◆ **Work item**
Pictures must not appear in the copy. Reproduce exactly, and only, the lines from the one with "8, 2016 Sears" through the end of the data below.

======== Excerpted records ========

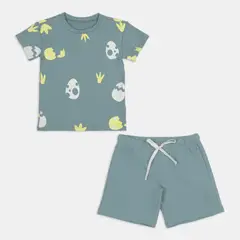 BUBBLE GUMMERS - Conjunto Para Niño Bubblegummers Oliva Nilson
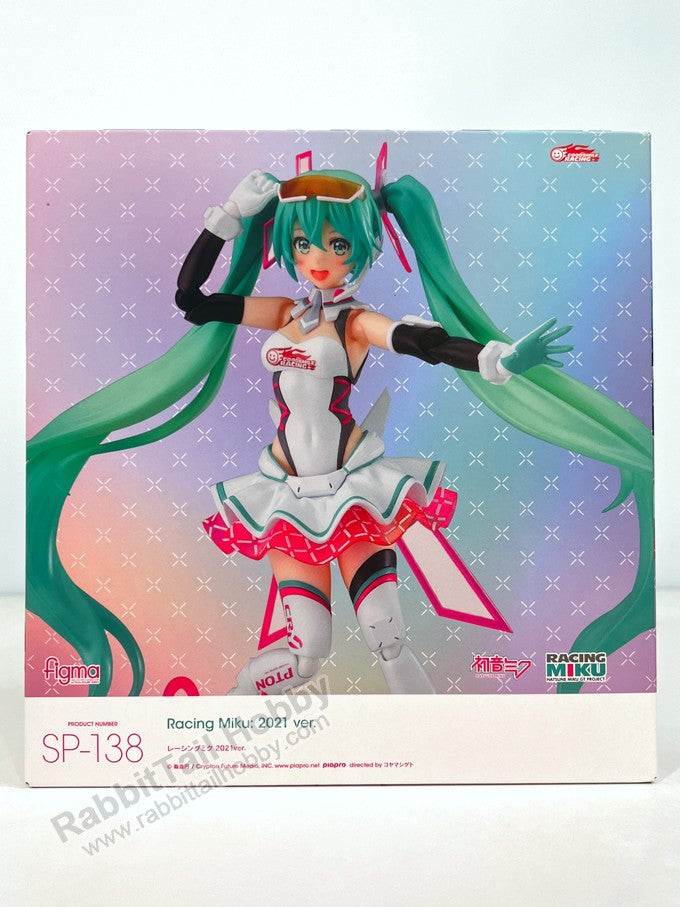 Good Smile Company SP-138 figma Racing Miku: 2021 ver. - Hatsune Miku Action Figure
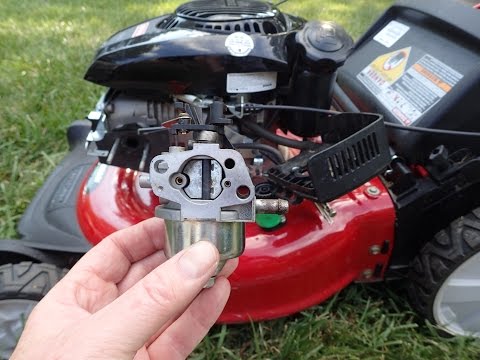Sears Craftsman Lawn Mower Kohler Courage Engine - Cleaning Carburetor Part II - July 8, 2016 Sears Craftsman Lawn Mower Kohler Courage Engine - Cleaning Carburetor Part II - July 8, 2016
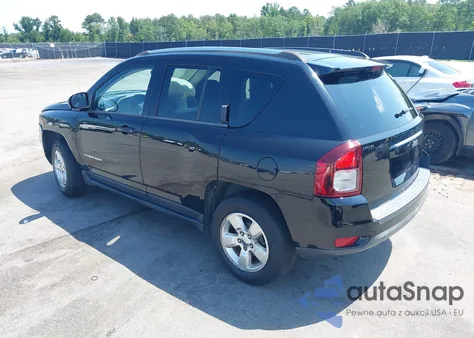 2015 Jeep Compass Sport z USA, uszkodzony, nr VIN 1C4NJCBAXFD273216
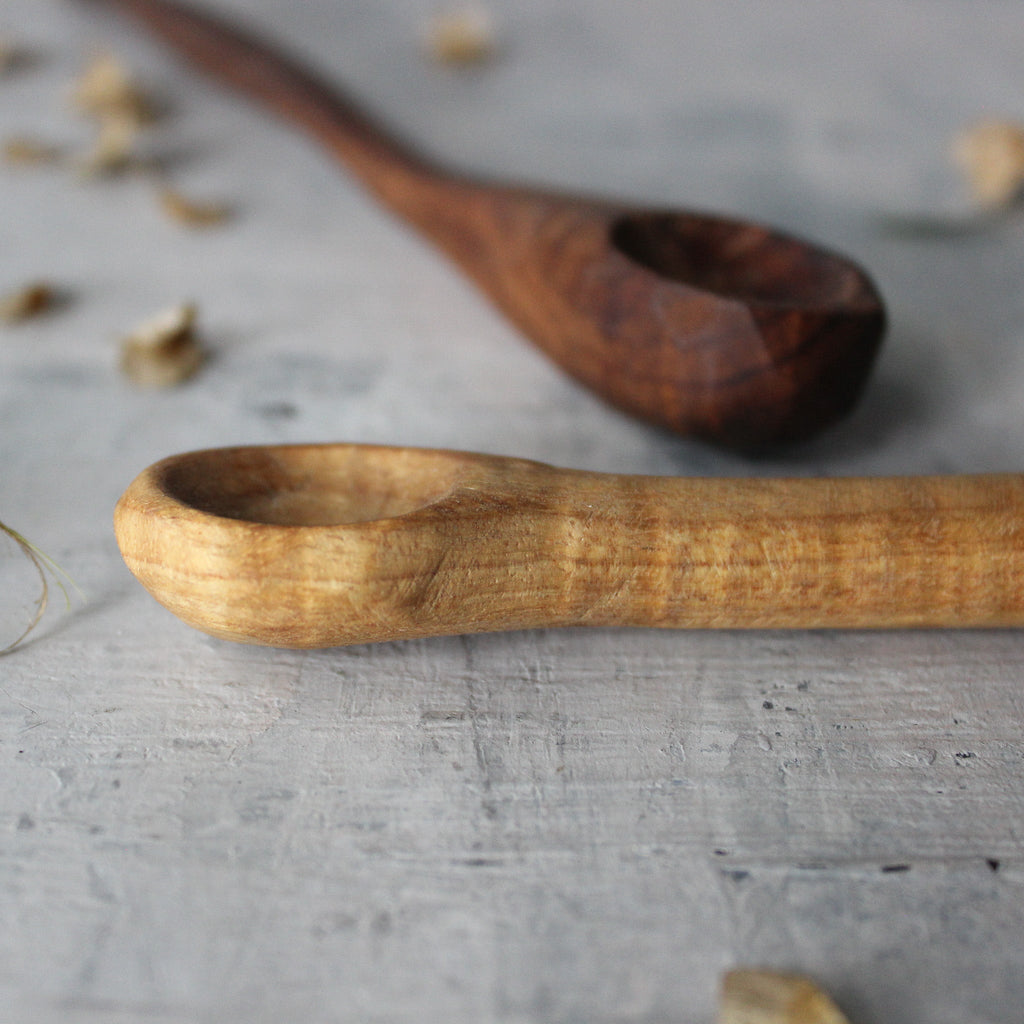 Hand Carved Small Spoons - Tribe Castlemaine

========

◆ **The answer**
Sears Craftsman Lawn Mower Kohler Courage Engine - Cleaning Carburetor Part II - July 8, 2016 Sears Craftsman Lawn Mower Kohler Courage Engine - Cleaning Carburetor Part II - July 8, 2016
 2015 Jeep Compass Sport z USA, uszkodzony, nr VIN 1C4NJCBAXFD273216
 Hand Carved Small Spoons - Tribe Castlemaine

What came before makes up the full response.